──────── Dataset extract
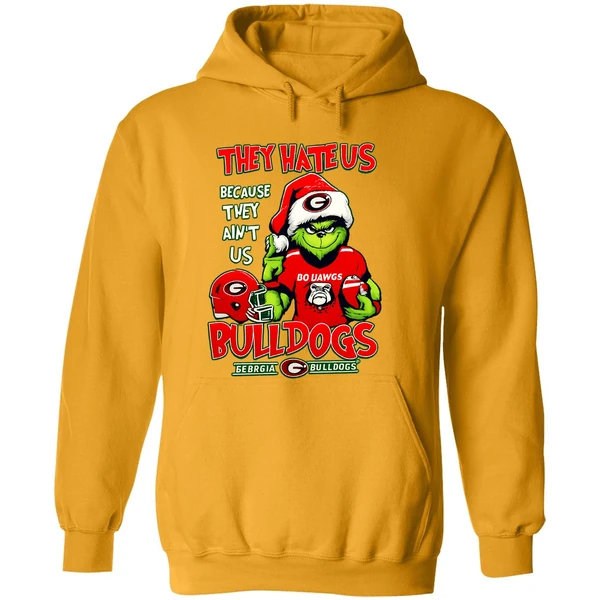 Santa Grinch Georgia Bulldogs They Hate Us Because They Aint Us Football Hoodie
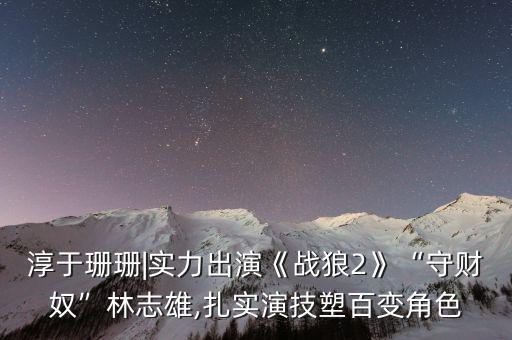 淳于珊珊|实力出演《战狼2》“守财奴”林志雄,扎实演技塑百变角色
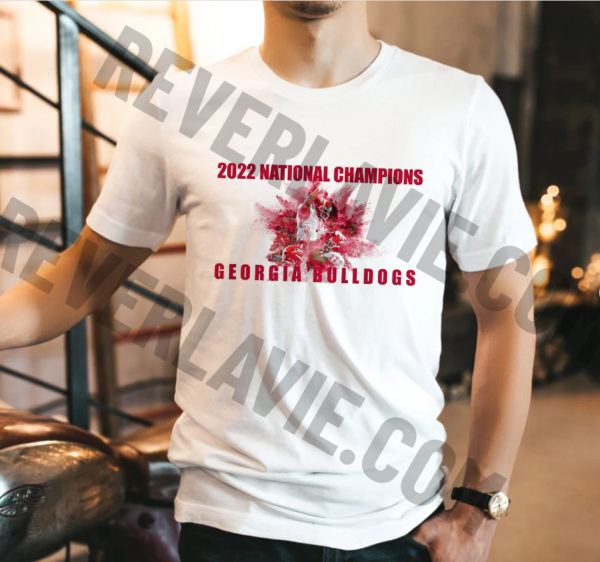 2022 CFP National Champions Georgia Bulldogs Football Celebration T-Shirt
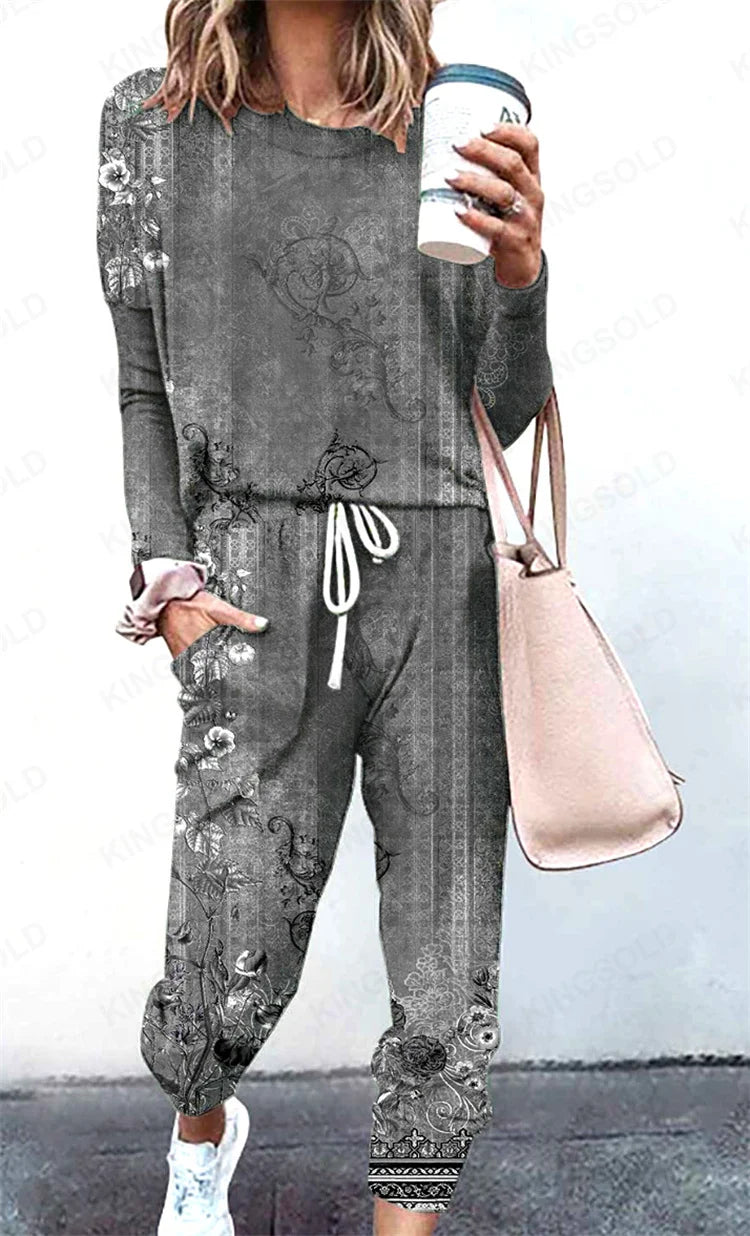 Women Clothing Sets Short Sleeve T-shirt+Pant 2Pcs Summer Camouflage Tie-Dyed Loose Tees Tops Sports Casual Suit New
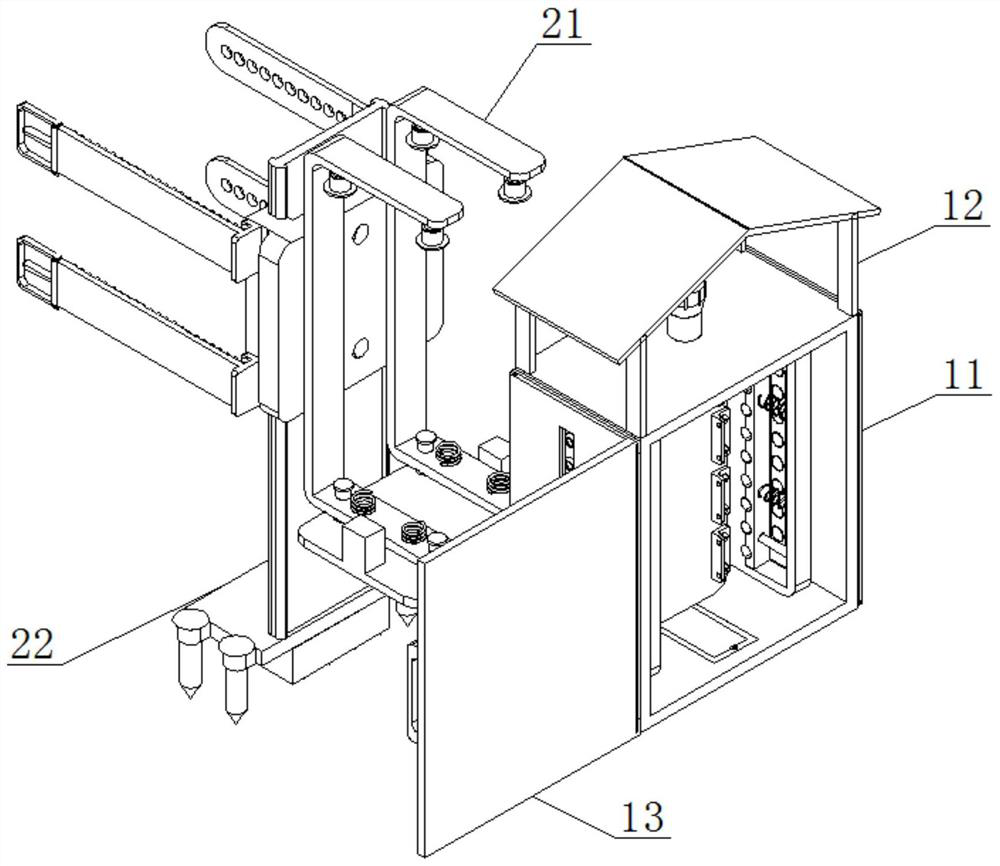 Electrical cabinet capable of being installed at multiple angles and having ventilation and fire prevention functions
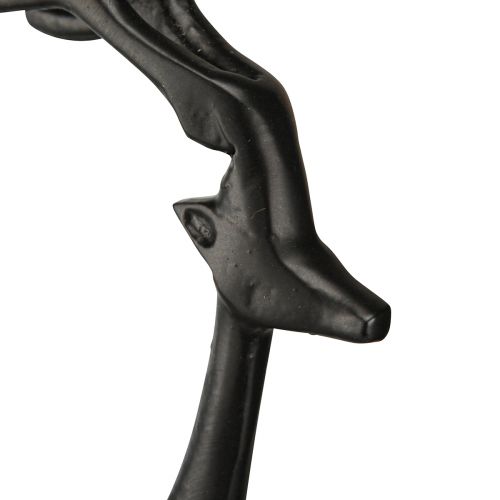 Floristik24 Jouluhahmo porokoriste metallimusta 17×8×38,5cm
────────────────
> **What you need to do**
Could you transcribe exactly the lines from the start of the records through the line containing "2022 CFP National", both ends included, leaving the pictures out?

> **Exercise output**
 Santa Grinch Georgia Bulldogs They Hate Us Because They Aint Us Football Hoodie
 淳于珊珊|实力出演《战狼2》“守财奴”林志雄,扎实演技塑百变角色
 2022 CFP National Champions Georgia Bulldogs Football Celebration T-Shirt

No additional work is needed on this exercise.